Exercise data -

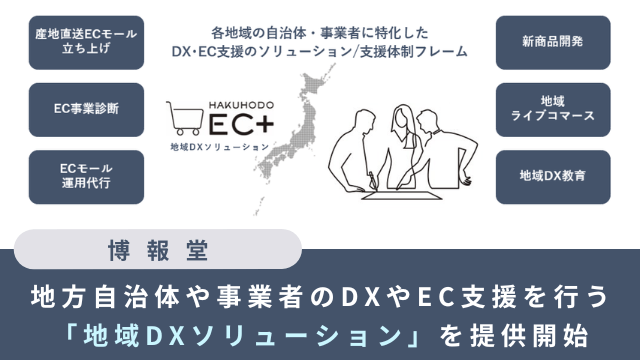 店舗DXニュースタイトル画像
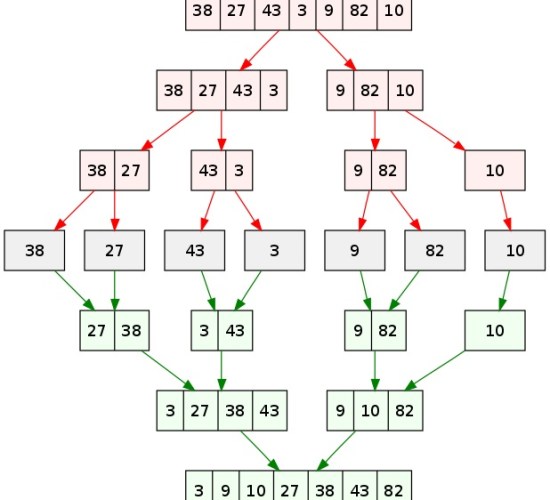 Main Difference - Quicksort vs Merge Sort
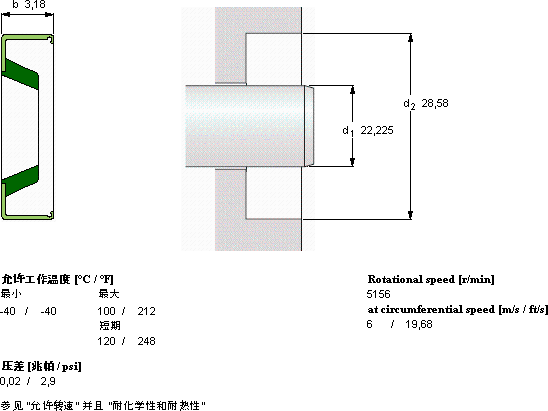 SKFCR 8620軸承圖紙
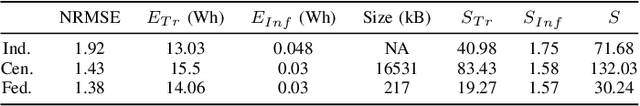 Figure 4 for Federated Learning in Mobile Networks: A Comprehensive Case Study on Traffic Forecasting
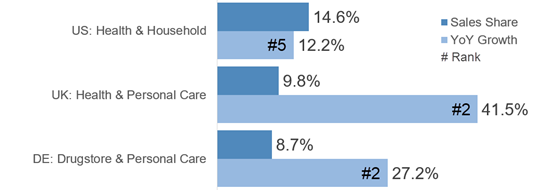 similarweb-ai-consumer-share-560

---

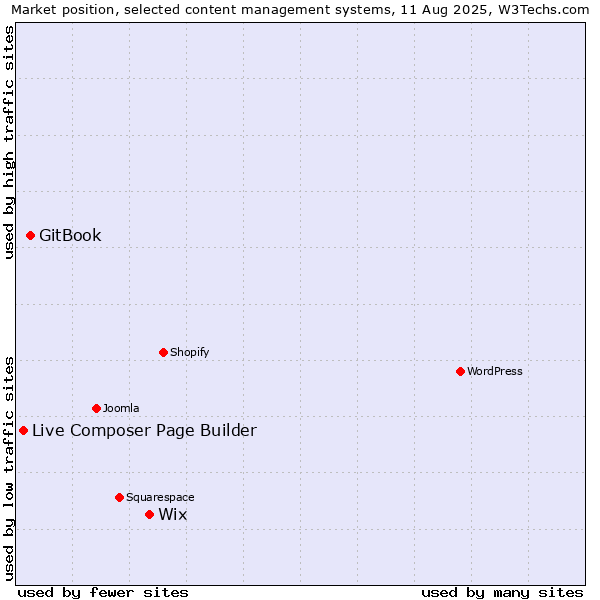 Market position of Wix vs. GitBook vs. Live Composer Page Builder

Action item - Print an exact copy of the lines above, from the one containing "SKFCR 8620軸承圖紙" through the one containing "similarweb-ai-consumer-share-560", and leave out the pictures.

Response to the task -
 SKFCR 8620軸承圖紙
 Figure 4 for Federated Learning in Mobile Networks: A Comprehensive Case Study on Traffic Forecasting
 similarweb-ai-consumer-share-560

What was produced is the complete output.